------ Supplied records ------

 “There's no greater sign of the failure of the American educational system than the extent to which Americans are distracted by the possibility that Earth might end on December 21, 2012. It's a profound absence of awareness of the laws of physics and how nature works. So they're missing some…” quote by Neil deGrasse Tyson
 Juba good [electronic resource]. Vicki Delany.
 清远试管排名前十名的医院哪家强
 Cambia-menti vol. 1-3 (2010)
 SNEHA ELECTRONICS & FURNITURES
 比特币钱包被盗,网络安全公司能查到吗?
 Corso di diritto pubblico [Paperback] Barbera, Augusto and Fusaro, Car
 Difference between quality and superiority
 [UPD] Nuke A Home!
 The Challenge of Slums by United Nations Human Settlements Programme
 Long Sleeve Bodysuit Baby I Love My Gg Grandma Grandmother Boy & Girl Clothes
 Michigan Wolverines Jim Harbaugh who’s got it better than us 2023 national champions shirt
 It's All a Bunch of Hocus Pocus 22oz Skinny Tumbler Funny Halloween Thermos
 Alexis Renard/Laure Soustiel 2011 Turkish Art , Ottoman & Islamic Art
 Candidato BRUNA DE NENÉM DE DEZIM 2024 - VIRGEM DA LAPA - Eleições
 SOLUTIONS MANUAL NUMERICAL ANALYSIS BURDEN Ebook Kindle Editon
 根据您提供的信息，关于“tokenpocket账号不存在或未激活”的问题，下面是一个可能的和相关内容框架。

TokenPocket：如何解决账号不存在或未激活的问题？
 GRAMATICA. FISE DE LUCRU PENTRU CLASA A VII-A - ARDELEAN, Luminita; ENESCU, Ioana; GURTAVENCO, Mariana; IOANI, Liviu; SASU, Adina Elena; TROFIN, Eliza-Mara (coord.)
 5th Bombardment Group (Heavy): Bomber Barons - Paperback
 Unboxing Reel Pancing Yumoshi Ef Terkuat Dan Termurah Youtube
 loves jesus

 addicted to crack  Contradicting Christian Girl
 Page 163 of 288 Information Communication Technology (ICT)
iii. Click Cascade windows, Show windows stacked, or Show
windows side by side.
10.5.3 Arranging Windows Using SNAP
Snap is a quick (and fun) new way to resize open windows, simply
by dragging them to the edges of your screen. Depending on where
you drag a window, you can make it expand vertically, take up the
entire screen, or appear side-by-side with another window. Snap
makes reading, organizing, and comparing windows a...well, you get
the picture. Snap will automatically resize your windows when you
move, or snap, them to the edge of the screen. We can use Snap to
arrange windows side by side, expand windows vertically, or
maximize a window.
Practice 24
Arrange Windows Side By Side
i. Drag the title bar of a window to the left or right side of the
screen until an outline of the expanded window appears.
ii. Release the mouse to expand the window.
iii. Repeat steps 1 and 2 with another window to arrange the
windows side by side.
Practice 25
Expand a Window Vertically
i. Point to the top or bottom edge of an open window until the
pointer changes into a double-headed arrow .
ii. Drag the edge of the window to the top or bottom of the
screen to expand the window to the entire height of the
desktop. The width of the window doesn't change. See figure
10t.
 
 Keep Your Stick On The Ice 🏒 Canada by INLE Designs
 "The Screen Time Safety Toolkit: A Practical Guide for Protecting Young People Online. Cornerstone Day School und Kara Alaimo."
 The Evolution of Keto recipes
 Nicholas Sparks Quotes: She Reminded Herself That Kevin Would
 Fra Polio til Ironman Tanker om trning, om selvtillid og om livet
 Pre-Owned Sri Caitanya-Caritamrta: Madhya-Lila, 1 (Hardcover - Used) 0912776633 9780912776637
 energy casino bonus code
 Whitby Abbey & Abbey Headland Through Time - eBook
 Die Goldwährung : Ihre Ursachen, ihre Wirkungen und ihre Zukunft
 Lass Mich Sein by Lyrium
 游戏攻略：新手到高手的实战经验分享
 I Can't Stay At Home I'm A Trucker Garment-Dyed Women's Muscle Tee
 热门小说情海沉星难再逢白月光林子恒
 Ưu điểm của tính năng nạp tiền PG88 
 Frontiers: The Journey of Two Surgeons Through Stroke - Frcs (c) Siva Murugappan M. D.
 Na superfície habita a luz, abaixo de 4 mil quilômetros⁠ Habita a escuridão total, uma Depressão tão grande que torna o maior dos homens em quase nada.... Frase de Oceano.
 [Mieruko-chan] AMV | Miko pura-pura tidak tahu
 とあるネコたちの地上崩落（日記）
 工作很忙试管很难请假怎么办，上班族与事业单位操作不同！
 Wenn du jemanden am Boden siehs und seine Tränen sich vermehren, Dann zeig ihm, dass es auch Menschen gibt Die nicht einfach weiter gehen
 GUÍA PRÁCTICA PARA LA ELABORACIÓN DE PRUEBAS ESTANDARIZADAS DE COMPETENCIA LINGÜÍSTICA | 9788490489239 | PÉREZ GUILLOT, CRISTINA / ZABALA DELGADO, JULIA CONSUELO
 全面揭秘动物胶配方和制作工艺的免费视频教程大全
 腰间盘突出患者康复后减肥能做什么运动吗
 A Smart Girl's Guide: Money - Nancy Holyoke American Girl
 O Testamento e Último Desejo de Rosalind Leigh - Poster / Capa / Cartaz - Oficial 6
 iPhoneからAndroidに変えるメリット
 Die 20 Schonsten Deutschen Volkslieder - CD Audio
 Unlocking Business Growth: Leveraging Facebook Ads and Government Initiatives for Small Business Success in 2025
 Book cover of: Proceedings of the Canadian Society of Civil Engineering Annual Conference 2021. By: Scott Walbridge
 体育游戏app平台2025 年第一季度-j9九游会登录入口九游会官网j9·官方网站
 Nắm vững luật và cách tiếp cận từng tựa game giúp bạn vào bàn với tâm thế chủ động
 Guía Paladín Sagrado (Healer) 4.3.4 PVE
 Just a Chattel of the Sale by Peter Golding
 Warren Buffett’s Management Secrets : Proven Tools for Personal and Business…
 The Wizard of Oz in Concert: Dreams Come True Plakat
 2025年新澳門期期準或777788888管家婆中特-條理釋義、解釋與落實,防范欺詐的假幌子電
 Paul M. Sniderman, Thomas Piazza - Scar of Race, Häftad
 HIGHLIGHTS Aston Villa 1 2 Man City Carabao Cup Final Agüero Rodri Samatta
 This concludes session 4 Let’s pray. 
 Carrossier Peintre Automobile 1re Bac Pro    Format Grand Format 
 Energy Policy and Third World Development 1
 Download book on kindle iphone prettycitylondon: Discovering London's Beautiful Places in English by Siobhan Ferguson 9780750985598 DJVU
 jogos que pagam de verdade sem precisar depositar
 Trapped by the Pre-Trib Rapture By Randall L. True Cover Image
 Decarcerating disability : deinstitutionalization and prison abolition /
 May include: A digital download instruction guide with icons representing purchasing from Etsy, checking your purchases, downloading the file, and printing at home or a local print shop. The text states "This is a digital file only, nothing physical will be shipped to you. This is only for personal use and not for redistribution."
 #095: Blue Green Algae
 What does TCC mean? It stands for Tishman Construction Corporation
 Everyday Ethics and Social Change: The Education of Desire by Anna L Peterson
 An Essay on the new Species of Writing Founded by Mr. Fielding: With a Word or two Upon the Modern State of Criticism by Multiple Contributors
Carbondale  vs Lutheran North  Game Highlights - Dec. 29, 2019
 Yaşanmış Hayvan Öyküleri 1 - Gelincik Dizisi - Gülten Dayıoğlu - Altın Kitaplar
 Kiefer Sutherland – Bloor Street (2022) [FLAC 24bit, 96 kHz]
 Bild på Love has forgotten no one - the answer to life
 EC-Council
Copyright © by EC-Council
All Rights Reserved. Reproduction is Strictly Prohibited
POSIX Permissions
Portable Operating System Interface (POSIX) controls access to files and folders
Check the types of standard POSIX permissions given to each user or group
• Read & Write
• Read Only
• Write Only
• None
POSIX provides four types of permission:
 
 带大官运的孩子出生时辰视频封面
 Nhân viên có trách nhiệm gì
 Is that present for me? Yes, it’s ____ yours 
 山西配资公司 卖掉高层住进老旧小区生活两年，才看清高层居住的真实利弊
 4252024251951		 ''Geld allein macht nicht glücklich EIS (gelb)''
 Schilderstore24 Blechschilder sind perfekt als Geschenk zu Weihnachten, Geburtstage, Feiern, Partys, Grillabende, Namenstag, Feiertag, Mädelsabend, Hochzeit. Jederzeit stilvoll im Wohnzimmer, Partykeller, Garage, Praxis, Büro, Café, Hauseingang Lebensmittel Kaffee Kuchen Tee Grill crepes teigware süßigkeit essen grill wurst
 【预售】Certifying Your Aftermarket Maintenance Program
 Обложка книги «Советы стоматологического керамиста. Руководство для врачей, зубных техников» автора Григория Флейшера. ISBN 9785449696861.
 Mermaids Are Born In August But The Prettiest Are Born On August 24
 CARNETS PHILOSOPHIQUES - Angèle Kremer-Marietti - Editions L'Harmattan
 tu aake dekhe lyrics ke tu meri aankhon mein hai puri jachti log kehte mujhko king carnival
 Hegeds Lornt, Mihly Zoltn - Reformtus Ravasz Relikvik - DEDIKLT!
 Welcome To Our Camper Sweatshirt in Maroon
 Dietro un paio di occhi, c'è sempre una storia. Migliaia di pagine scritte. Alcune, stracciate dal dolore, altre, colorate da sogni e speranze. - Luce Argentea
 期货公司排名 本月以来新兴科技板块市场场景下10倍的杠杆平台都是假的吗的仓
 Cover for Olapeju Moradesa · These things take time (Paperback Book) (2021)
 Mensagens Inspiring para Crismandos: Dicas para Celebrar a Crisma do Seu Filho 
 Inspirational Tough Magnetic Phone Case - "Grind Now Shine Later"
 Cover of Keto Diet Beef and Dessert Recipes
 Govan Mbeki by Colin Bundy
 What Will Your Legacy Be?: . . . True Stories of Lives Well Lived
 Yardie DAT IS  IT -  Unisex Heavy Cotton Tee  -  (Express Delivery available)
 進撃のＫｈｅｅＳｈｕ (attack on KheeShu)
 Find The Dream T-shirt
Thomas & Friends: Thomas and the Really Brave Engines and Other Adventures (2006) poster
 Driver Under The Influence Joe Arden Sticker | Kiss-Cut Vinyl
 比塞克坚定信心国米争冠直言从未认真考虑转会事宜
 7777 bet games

------

Instructions for the task.
Transcribe each line of the data above, unaltered, from the one where "Candidato BRUNA DE" appears to the one where "TokenPocket：如何解决账号不存在或未激活的问题？" appears, inclusive of both.

Completed exercise.
 Candidato BRUNA DE NENÉM DE DEZIM 2024 - VIRGEM DA LAPA - Eleições
 SOLUTIONS MANUAL NUMERICAL ANALYSIS BURDEN Ebook Kindle Editon
 根据您提供的信息，关于“tokenpocket账号不存在或未激活”的问题，下面是一个可能的和相关内容框架。

TokenPocket：如何解决账号不存在或未激活的问题？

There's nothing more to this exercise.